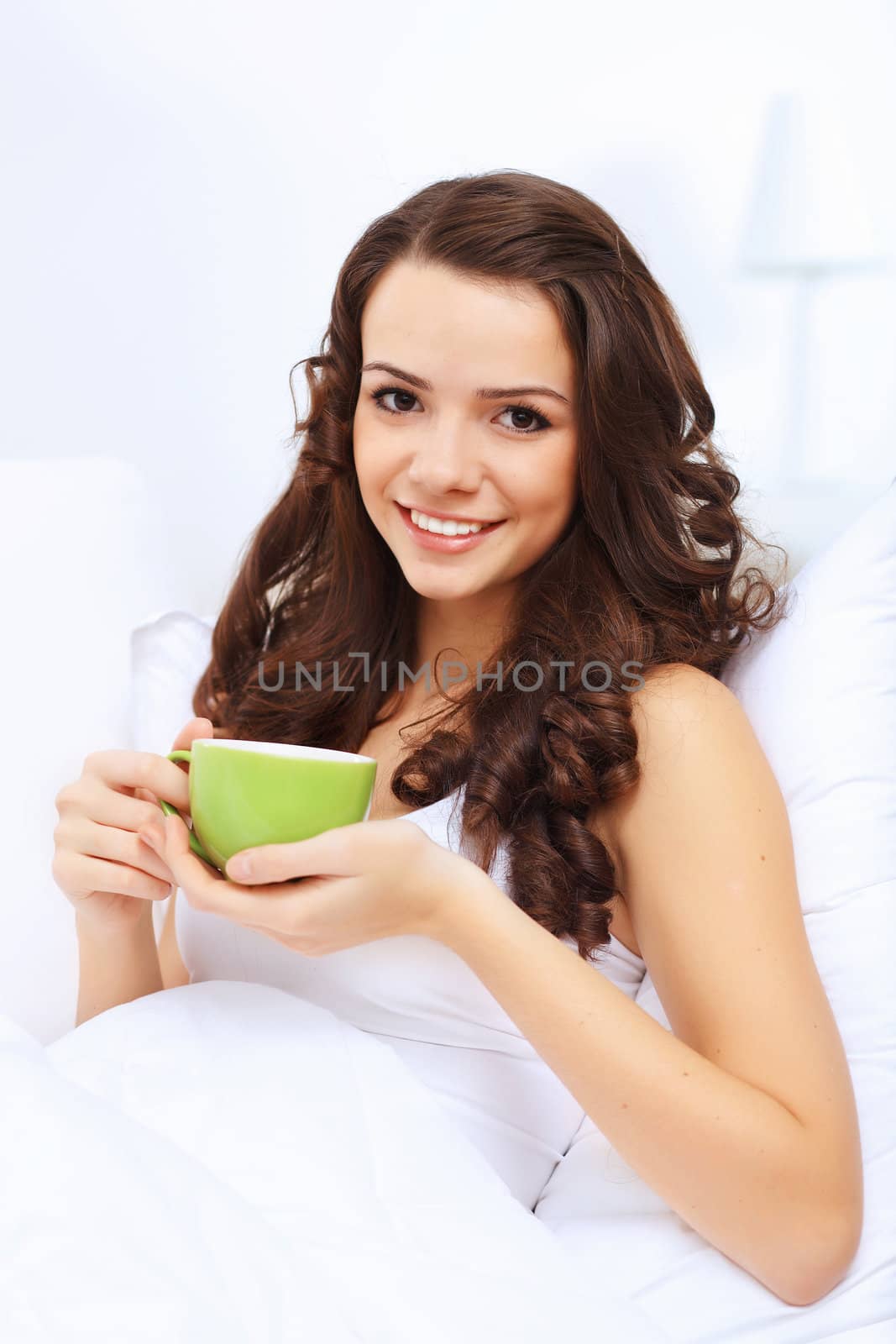 Portrait of lovely young woman having cup of tea at home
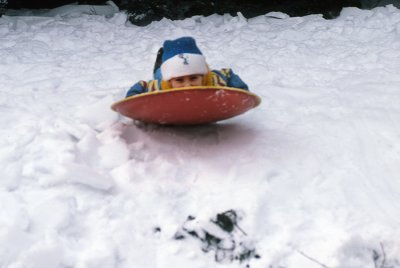 Jonathan and Brian Gibbons sledding February 1982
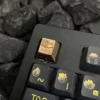 Reflective surface of a polished Copper keycap, showing its mirror-like finish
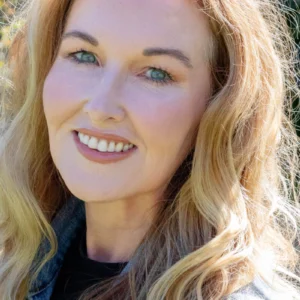 A smiling woman over 50 with radiant satin skin, natural pro-aging makeup, and blonde wavy hair, showcasing a healthy glow.
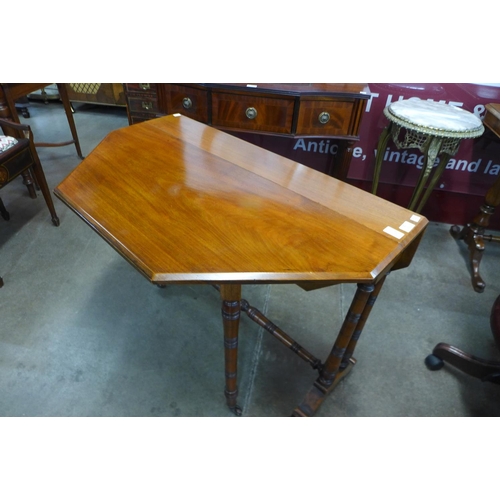 20 - A Victorian walnut Sutherland table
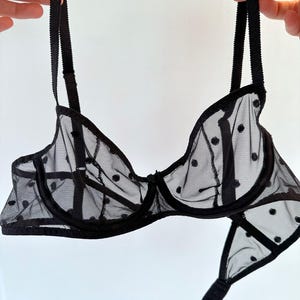 May include: Black polka dot mesh bra with adjustable straps and a delicate lace trim.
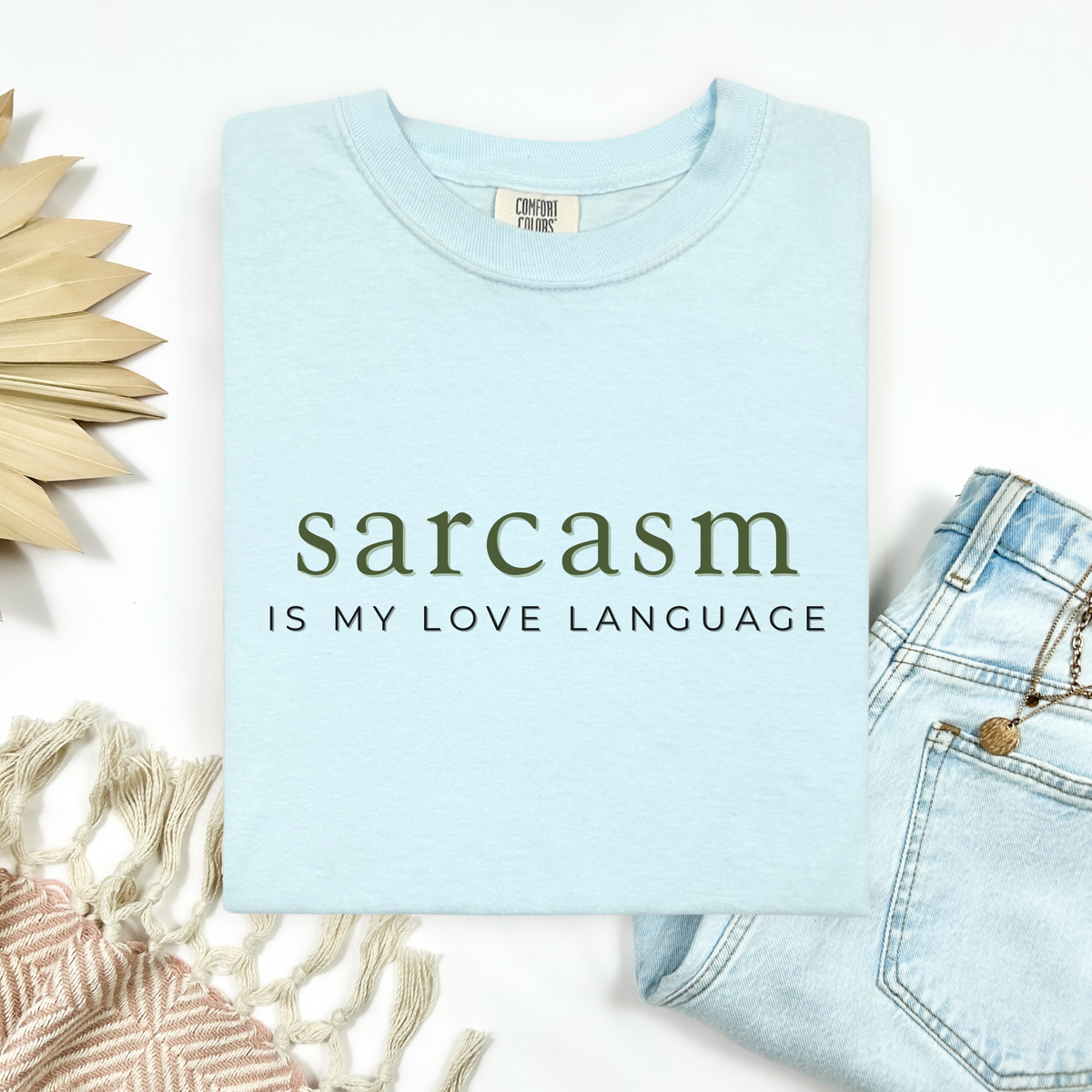 A folded light blue t-shirt with the text 'sarcasm IS MY LOVE LANGUAGE' printed on the front, styled in a flat lay with light-wash jeans, a woven textile, and a decorative wooden sun on a white background.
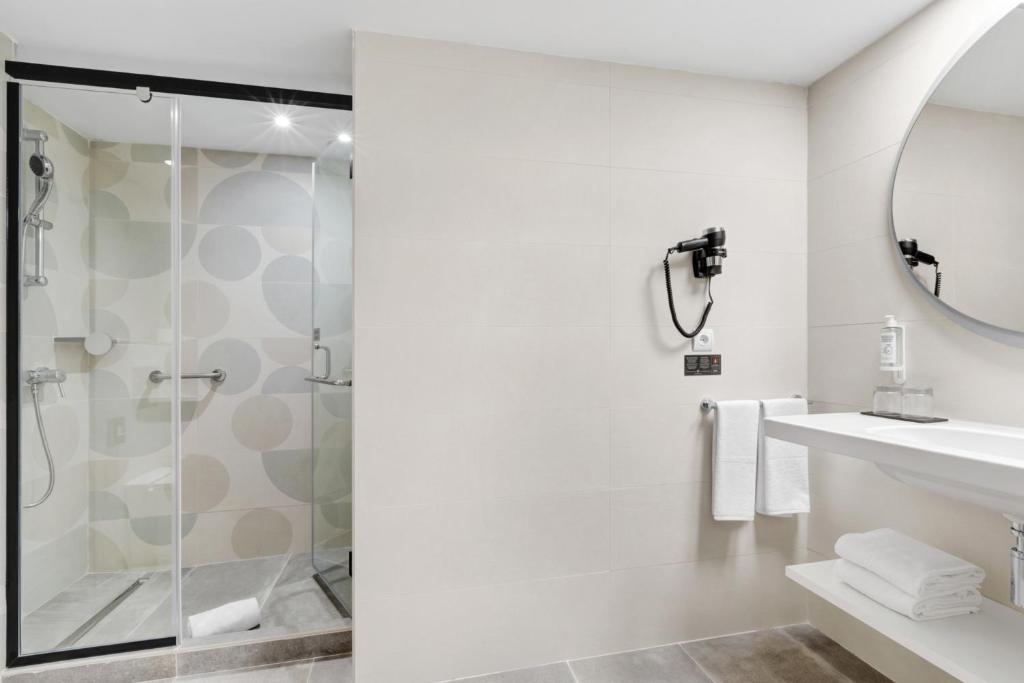 Moderns vannas istabas dizains ar caurspīdīgu dušas kabīni un elegantu spoguli. Telpa ir gaiša un minimālistiska, papildināta ar baltām dvieļiem un higiēnas līdzekļiem.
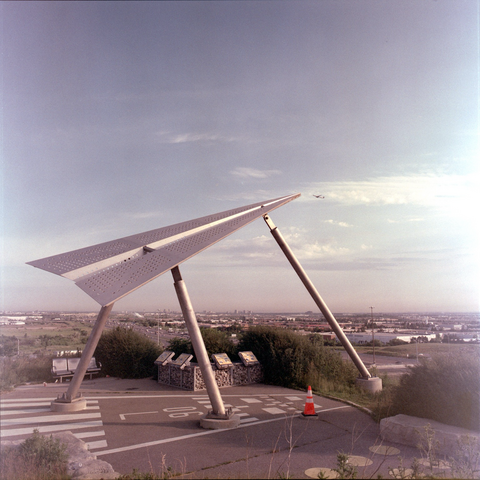 A metal sculpture depicts a giant paper airplane taking off from a hilltop in a landscape of mega highways and industrial parks. An actual airliner appears to approach the tip of the paper airplane as it rises into the morning sky.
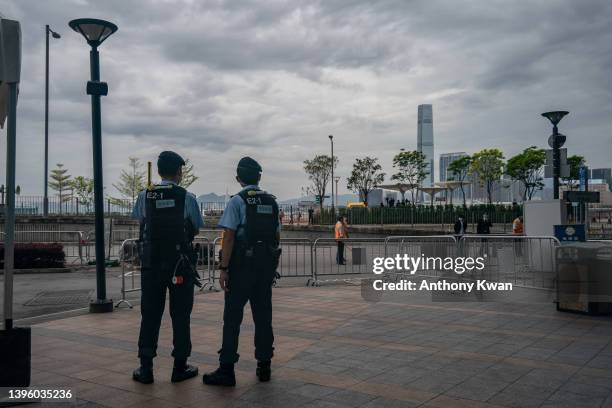 Police officers stand guard outside the Exhibition and Convention Centre ahead of the Chief Executive Election on May 08, 2022 in Hong Kong, China....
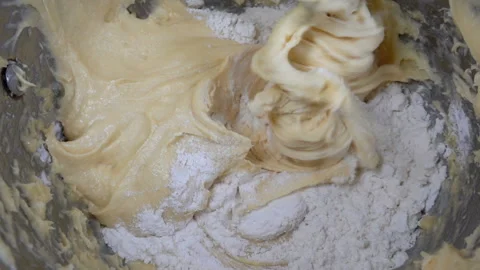 Whipping dough of a food processor in slow motion Stock Footage 145764758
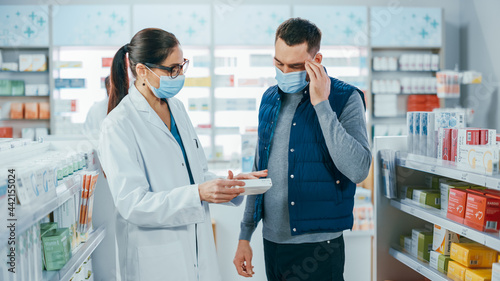 Covid-19 Pharmacy Wearing Face Masks: Professional Pharmacist Helping Handsome Male Customer with Medicine Recommendation, Talking. Drugstore with Full of Drugs, Pills, Health Care, Sport Products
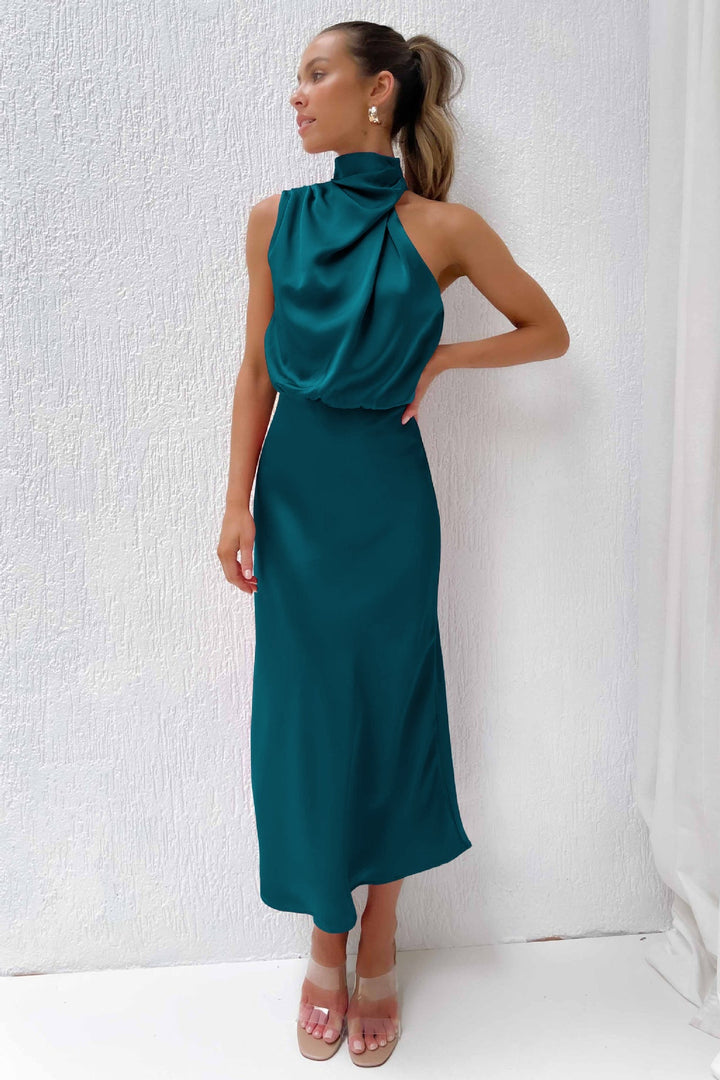 Women's wedding guest dress: sophisticated floor-length halter gown with an open back.
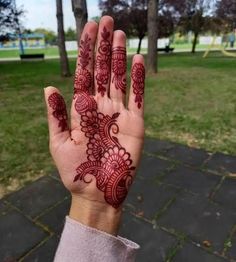 a woman's hand with henna on it in the middle of a park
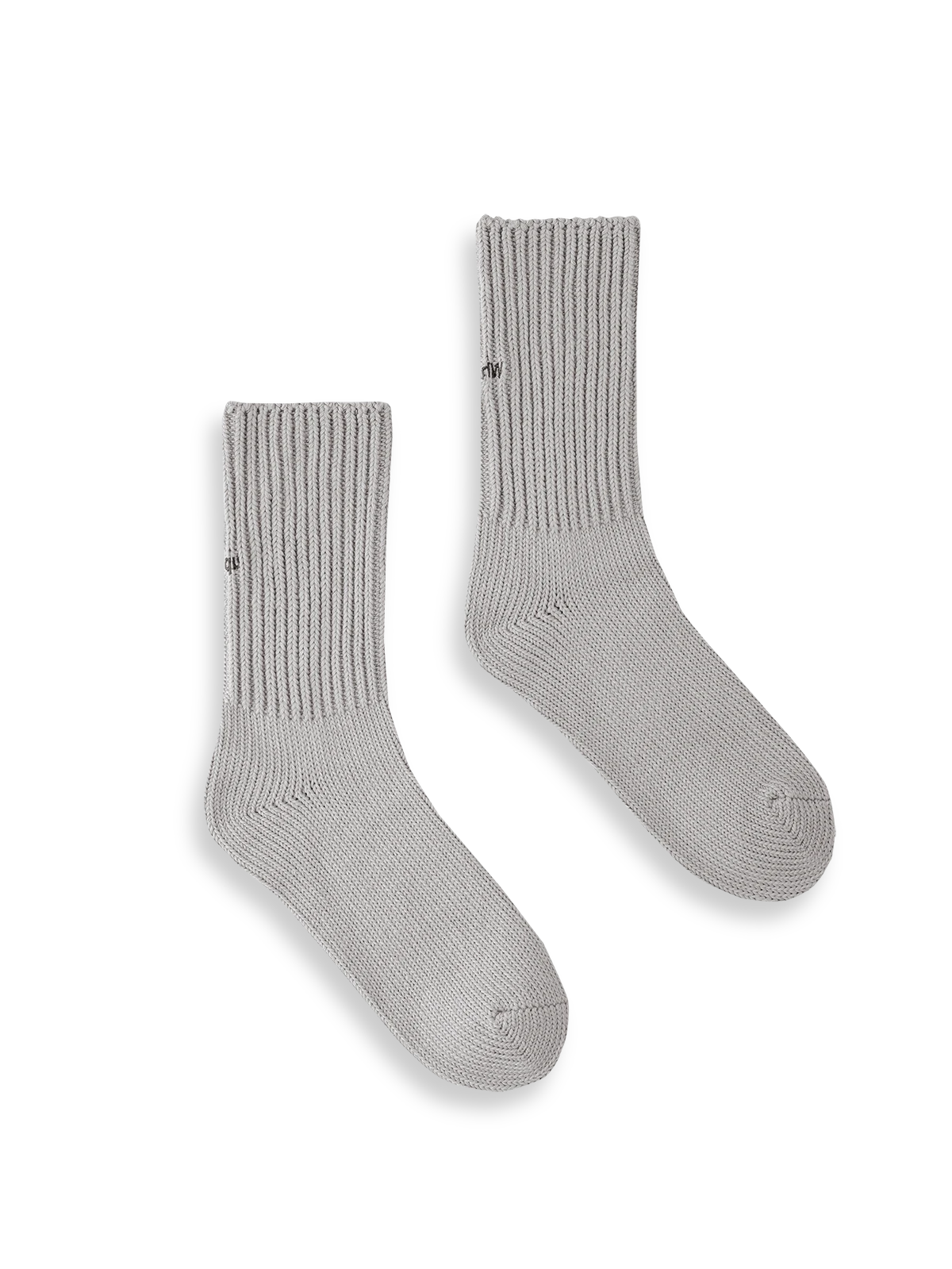 製品画像: ヴィンテージ風ヘビーゲージ刺繍ニットクルーソックスの全体展示。高品質なデザインと快適な履き心地。
詳細画像: かかと部分に施された「What's Up」刺繍のディテール展示。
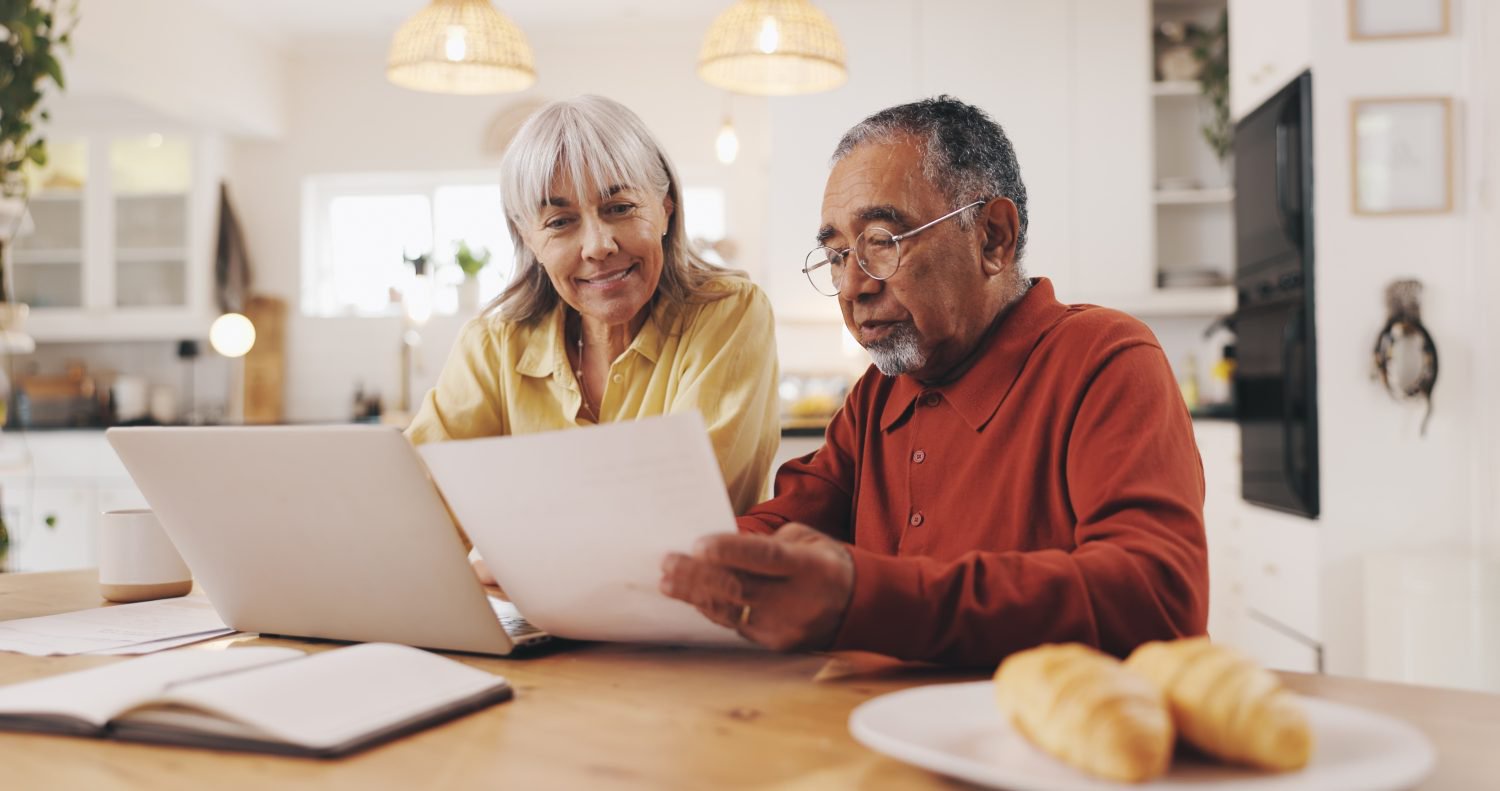 A smiling elderly woman with grey hair and a yellow shirt sits next to an older man with grey hair, glasses, and a reddish-brown polo shirt. They are seated at a light wooden table, focusing on papers held by the man and an open silver laptop. A notebook, a white mug, and a plate with two croissants are also on the table. The background shows a bright, modern kitchen with overhead lighting.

§ §

Your task:
Repeat the material above exactly, so that every entry appears but no picture does.

Answer section:
 Portrait of lovely young woman having cup of tea at home
 Jonathan and Brian Gibbons sledding February 1982
 Reflective surface of a polished Copper keycap, showing its mirror-like finish
 A smiling woman over 50 with radiant satin skin, natural pro-aging makeup, and blonde wavy hair, showcasing a healthy glow.
 20 - A Victorian walnut Sutherland table
 May include: Black polka dot mesh bra with adjustable straps and a delicate lace trim.
 A folded light blue t-shirt with the text 'sarcasm IS MY LOVE LANGUAGE' printed on the front, styled in a flat lay with light-wash jeans, a woven textile, and a decorative wooden sun on a white background.
 Moderns vannas istabas dizains ar caurspīdīgu dušas kabīni un elegantu spoguli. Telpa ir gaiša un minimālistiska, papildināta ar baltām dvieļiem un higiēnas līdzekļiem.
 A metal sculpture depicts a giant paper airplane taking off from a hilltop in a landscape of mega highways and industrial parks. An actual airliner appears to approach the tip of the paper airplane as it rises into the morning sky.
 Police officers stand guard outside the Exhibition and Convention Centre ahead of the Chief Executive Election on May 08, 2022 in Hong Kong, China....
 Whipping dough of a food processor in slow motion Stock Footage 145764758
 Covid-19 Pharmacy Wearing Face Masks: Professional Pharmacist Helping Handsome Male Customer with Medicine Recommendation, Talking. Drugstore with Full of Drugs, Pills, Health Care, Sport Products
 Women's wedding guest dress: sophisticated floor-length halter gown with an open back.
 a woman's hand with henna on it in the middle of a park
 製品画像: ヴィンテージ風ヘビーゲージ刺繍ニットクルーソックスの全体展示。高品質なデザインと快適な履き心地。
詳細画像: かかと部分に施された「What's Up」刺繍のディテール展示。
 A smiling elderly woman with grey hair and a yellow shirt sits next to an older man with grey hair, glasses, and a reddish-brown polo shirt. They are seated at a light wooden table, focusing on papers held by the man and an open silver laptop. A notebook, a white mug, and a plate with two croissants are also on the table. The background shows a bright, modern kitchen with overhead lighting.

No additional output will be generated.